Wenn es nicht mit Photoshop geht mit was dann ?

greetz flip


----------



## Onkel Jürgen (16. Februar 2005)

Eine Antwort auf Deine Frage habe ich nicht direkt, aber den Hinweis, dass eine solche statistische Angabe nicht unbedingt weiterhilft.
Du siehst in meinem Beispiel zwei Flächen, eine gerahmt, die andere nicht, welche jeweils zur Hälfte schwarz und weiß sind, aber doch sehr verschieden wirken.


----------



## kuhlmaehn (16. Februar 2005)

Mh naja es geht doch aber darum, dass midestens 30% weiß beim Drucken billiger ist und nicht wie es wirkt. Oder wie meinst du das?

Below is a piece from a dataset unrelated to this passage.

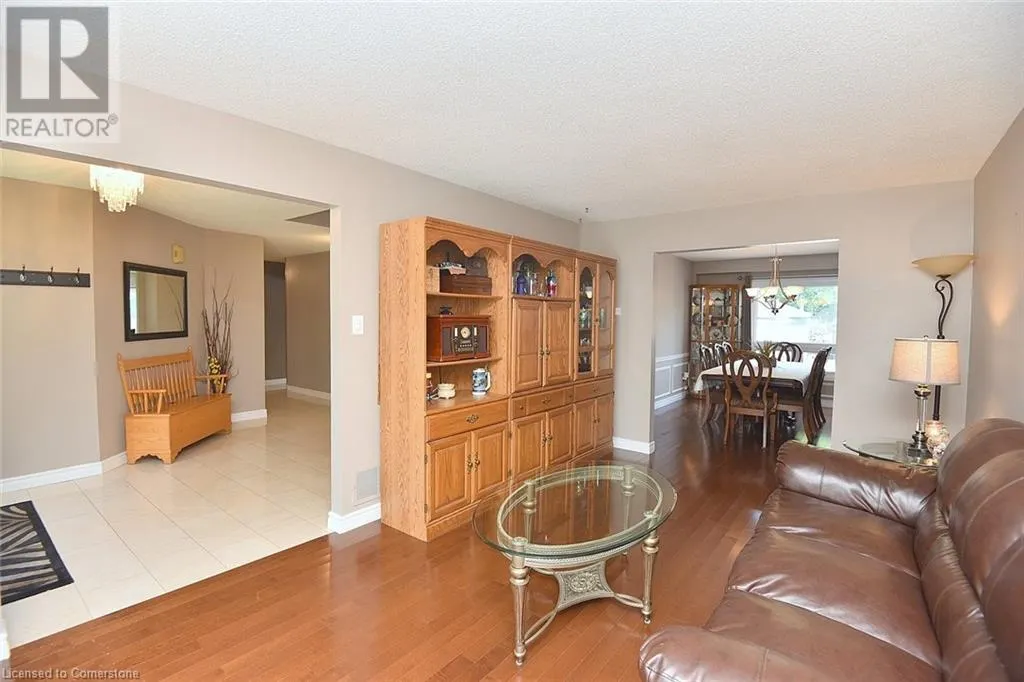 3 SUTER Crescent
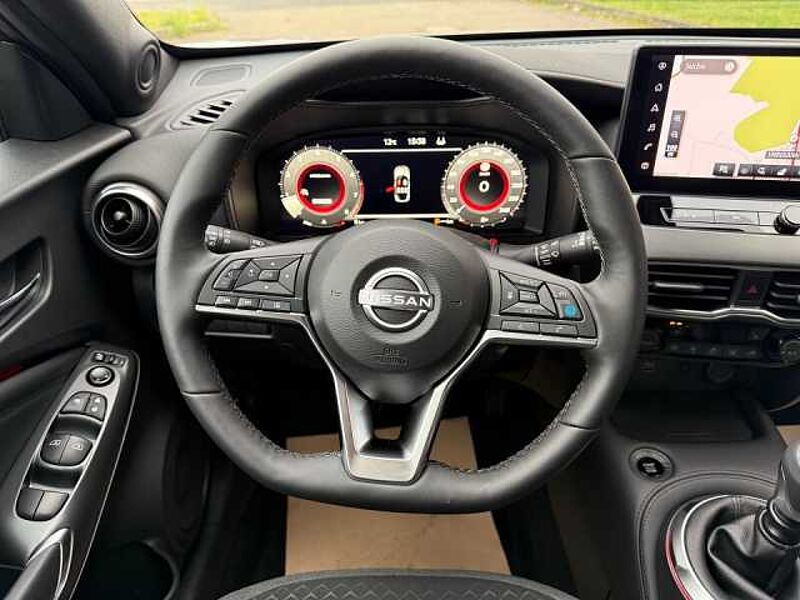 Nissan JUKE 1.0 DIG-T 114 PS 6MT N-CONNECTA Tech Winter II 2 Farben BFS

Ich könnte dir sagen wie man in Visual Basic ein Bild pixelweise durchläuft und dabei alle weißen Pixel zählt. Anhand der Gesamtpixelzahl und der Anzahl der weißen Pixel kann man ja dann die Prozentzahl errechnen.
Weiss nicht ob dir das genügt?!

kuhlmaehn


----------



## holzoepfael (16. Februar 2005)

Also kuhlmaehn so wie ich ihn verstanden habe, will er absolut nicht mehr wissen?! Also her mit der Lösung...^^


----------



## flip (18. Februar 2005)

kuhlmaehn,
Jo genau das will ich wissen.
Zwar wäre mir eine grafische Lösung lieber, da ich kein VB kann. Und bei einer DIN A 0 Grösse würde das doch ne Weile dauern, wenn das Pixel für Pixel durchlaufen würde ?
Onkel Jürgen,
Das ist mir klar =) Aber ich meinte das so wie kuhlmaehn das meinte.
Wie die Farben angeordnet sind ist egal. Hauptsache man kann den reinen Weißanteil rausfinden. 

flip


----------



## kuhlmaehn (19. Februar 2005)

Mh sorry ich habs gereade mal probiert und ein 200x200 großes Bild dauert schon ne gute Minute und mein Computer ist nicht wirklich schlecht.
Visual Basic ist da einfach nicht das Richtige   

Ich hab auch nochmal etliche Pluginseiten durchsucht und es scheint sowas leider nicht zu geben. Ich hab jedoch das englische Wort für Farbanteil nicht rausgekriegt. Es gibt vielleicht nocht Hoffnung .

kuhlmaehn


----------



## flip (19. Februar 2005)

Hm...
Danke dir. Dann muß ich dem CopyShop meines "Vertrauens" wohl in Zukunft doch vertrauen *G*
flip


----------